PARIS. -- My 10-day adventure in Paris is about to come to an end.
It is 6:30 p.m. on Wednesday in Paris and I board a plane bound for Seattle at 1:30 p.m. on Thursday.
My time here has been just short of indescribable. I checked off everything on my must-see list, including the Eiffel Tower, the Louvre, the Orsay, the Latin Quarter, Champs Élysées, Notre Dame, the Sorbonne, the Arc de Triomphe, the Shakespeare and Company Bookstore, Oscar Wilde's tomb and several other places recommended by friends.
Watching the Bastille Day fireworks from a comfortable chair in the Tuileries garden last night was a fitting climax to a glorious trip. The fireworks are set off in part at the Eiffel Tower, making for some amazing bursts of color and sparkles.
I finished my last full day on a high note. One of my friends urged me to visit the Orsay museum, where I saw original work of such masters as Van Gogh, Gauguin, Degas, Renoir, Monet and Cezanne. While the Louvre is certainly more famous, housing the Mona Lisa and Venus de Milo, I found the Orsay easiest to tour and the most rewarding. The air conditioning helped.
Things I learned and may help future visitors to Paris:
- The subway system is superb and fairly easy to navigate once you get the hang of it.
- Eating at a neighborhood cafe for every meal is too costly and too boring. Look for one of the many small grocery stores, where you can buy pre-made salads, bottled water, ice tea, etc. My room at the Normandy Hotel has a fridge, so I even bought a carton of OJ, yogurt and cheese for cheap and quick breakfasts.
- The first seven days I shared a flat with a traveling partner and it was great. We prepared our own breakfasts and several of our meals there. We also had laundry facilities. We paid about $630 for the week. For comparison, my hotel room is $95 a night.
- French friends warned me of pickpockets, so I was extra careful when I was out among crowds.
- Street beggars are not uncommon.
- Cafes are great places for people watching and sometimes the wifi is free. But it does not always work.
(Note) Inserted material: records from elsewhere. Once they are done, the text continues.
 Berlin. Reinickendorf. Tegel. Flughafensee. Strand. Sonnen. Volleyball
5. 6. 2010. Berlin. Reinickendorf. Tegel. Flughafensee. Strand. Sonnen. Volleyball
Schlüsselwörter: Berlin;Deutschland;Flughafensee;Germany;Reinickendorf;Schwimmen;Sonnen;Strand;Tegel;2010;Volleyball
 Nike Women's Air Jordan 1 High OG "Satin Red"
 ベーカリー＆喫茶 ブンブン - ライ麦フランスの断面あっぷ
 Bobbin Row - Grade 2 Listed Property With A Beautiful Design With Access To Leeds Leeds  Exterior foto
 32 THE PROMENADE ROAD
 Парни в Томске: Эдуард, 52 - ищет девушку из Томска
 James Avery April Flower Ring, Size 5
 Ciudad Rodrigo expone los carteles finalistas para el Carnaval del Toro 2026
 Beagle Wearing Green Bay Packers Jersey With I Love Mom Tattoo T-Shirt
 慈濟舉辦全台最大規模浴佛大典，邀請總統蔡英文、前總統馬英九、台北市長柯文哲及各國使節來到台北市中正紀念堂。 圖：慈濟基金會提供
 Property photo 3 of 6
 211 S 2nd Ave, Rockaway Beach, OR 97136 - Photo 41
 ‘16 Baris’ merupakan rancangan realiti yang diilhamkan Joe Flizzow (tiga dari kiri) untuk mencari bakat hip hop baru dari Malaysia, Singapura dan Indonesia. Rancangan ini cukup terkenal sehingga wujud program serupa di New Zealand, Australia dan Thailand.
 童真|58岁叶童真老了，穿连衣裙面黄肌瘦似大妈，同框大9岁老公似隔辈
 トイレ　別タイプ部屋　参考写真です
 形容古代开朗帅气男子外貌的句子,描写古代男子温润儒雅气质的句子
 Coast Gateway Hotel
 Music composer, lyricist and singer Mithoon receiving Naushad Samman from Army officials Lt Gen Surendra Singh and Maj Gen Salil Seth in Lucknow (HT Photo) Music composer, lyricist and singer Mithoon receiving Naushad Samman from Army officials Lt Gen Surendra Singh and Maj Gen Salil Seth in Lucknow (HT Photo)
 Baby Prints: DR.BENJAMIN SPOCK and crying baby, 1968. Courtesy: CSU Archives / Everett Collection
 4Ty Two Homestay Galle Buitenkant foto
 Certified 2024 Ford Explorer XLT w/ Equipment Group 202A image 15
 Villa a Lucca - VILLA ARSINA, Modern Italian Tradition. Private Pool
- Subway maps and a Paris street map are a must. I found the Rick Steves Paris 2015 guidebook a handy source of information.
- Pack some old clothes that you won't mind discarding at trip's end because you will find yourself buying more gifts and items for yourself than you anticipated. So, au revoir to my 2013 Bloomsday T-shirt, among other things. I came with one checked bag and a carry-on. You can, too.
OK, that's it for my tips.
As I prepare to leave the City of Lights and so much grand history, I am brought back to Earth by the memory of a phone call from Indiana today. I recently met with a funeral director to pre-plan my funeral. I know, macabre, right? I have no plans to end my life story any time soon, but I want to make things easy for my son. Anyway, the funeral director called, not knowing I was in Paris, to see if I had any questions about the plan we agreed upon. I explained that I was in France and we agreed to connect later. Much, much later, I hope, because there are other parts of Europe I hope to see in the future. But none will top Paris.